WORK ORDER
For this exercise, copy the data exactly and omit any images.

(Beginning of DATA SEGMENT)

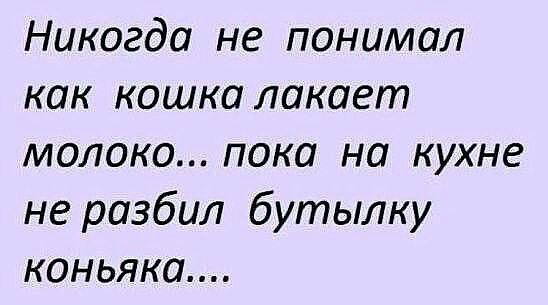 Никогда не понимал как кошка лакает молоко пока на кухне не разбил бутылку коньяка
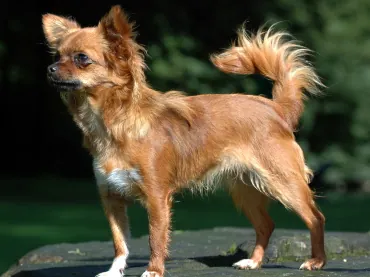 Chihuahua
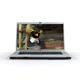 Bild Sony Vaio VGN-FW11E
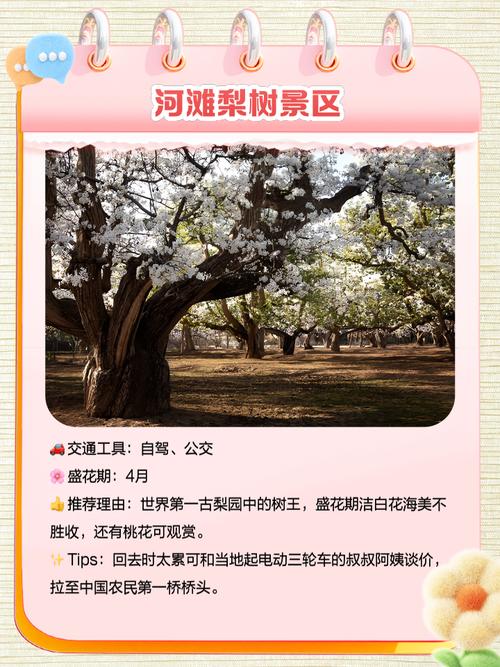 2025年4月8日 第33页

(End of DATA SEGMENT)

EXERCISE RESULT
 Никогда не понимал как кошка лакает молоко пока на кухне не разбил бутылку коньяка
 Chihuahua
 Bild Sony Vaio VGN-FW11E
 2025年4月8日 第33页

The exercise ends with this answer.